Leniel Maccaferri's blog: Processing Stack Overflow data dump with Apache Spark

This post is about the final work I did for one of the disciplines of the Master's degree I'm currently attending at UFRJ - Federal University of Rio de Janeiro in the branch of Data and Knowledge Engineering (Databases) that is under the division of Computer and Systems Engineering department at COPPE\UFRJ.

The discipline is called Special Topics in Databases IV and is taught by professor Alexandre Bento de Assis Lima.

The presentation (PPT slides) is in Brazilian Portuguese. I'll translate the slides to English in this blog post. They give an overall view about the work done.

The final paper is written in English.

Files

- Trabalho prático sobre Apache Spark envolvendo um problema típico de Big Data (apresentação\presentation).pdf (in Portuguese)

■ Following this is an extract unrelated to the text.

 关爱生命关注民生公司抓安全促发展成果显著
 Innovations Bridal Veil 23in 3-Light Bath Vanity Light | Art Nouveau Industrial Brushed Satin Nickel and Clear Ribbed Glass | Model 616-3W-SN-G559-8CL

- Processing Stack Overflow data dump with Apache Spark (in English)

Abstract. This paper describes the process involved in building an ETL tool based on Apache Spark. It imports XML data from Stack Overflow data dump.
The XML files are processed using Spark XML library and converted to a DataFrame object. The DataFrame data is then queried with Spark SQL library.
Two applications were developed: spark-backend and spark-frontend. The first one contains the code responsible for dealing with Spark while the later one is user centric allowing the users to consume the data processed by Spark.

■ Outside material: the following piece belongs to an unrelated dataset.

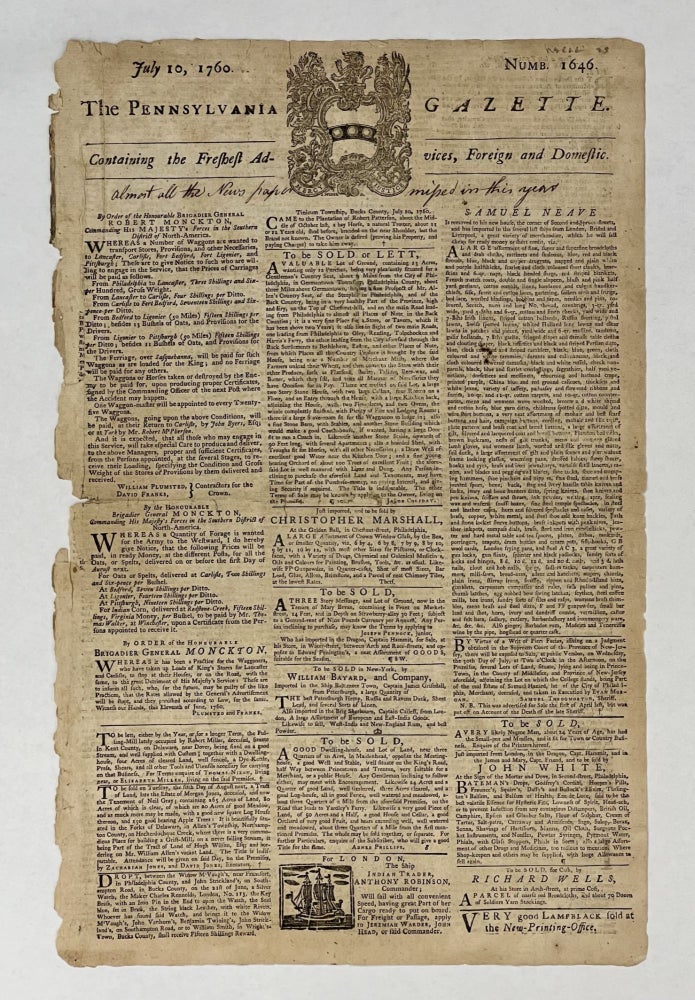 Item #81702 Pennsylvania Gazette. July 10, 1760. Numb. 1646. Benjamin FRANKLIN.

All the code developed is in English and should be easy to read.

Presentation

Objective
Problem
Technologies
Strategy used to acquire the data
Development
Conclusion
Links

Objective

Put into practice the concepts presented during the classes.
Have a closer contact with modern technologies used to process Big Data.
Automate the Extraction\Mining of valuable\interesting information hidden in the immensity of data.

Problem

Analyse StackOverflow data dump available on the internet on a monthly basis.
The data dump is composed of a set of XML files compacted with the .7z extension.
Even after compaction the biggest file has 15.3 GB. This size is directly linked to the data volume handled by Big Data.
Spark at first will be used as an ETL tool (ETL = Extract > Transform > Load) to prepare the data consumed by a front-end web app.
"At first" because there's also the possibility of using Spark as a tool to process the data that'll be shown in the web app.

Technologies

Apache Spark 2.0.1 +
Spark XML 0.4.1 +
Spark SQL 2.0.2
Ubuntu 16.04 LTS (Xenial Xerus)
Linux VM (virtual machine) running on Parallels Desktop 12 for Mac
Scala 2.11.8
XML (Extensible Markup Language)
XSL (Extensible Stylesheet Language)
Play Framework 2.5 (front end)
Eclipse Neon 4.6.1 with Scala IDE 4.5.0 plugin as the IDE

Strategy used to acquire the data

Got the .torrent file that contains all the data dumps from Stack Exchange family of sites - https://archive.org/details/stackexchange
Selected the eight .7z files related to StackOverflow: stackoverflow.com-Badges.7z, stackoverflow.com-Comments.7z, stackoverflow.com-PostHistory.7z, stackoverflow.com-PostLinks.7z, stackoverflow.com-Posts.7z, stackoverflow.com-Tags.7z, stackoverflow.com-Users.7z, stackoverflow.com-Votes.7z

Development

To make the work viable (running locally out of a cluster), a single .xml file [Users.xml] was used. A subset of 100.000 lines (32.7 MB) was selected. This file has a total of 5,987.287 lines (1.8 GB).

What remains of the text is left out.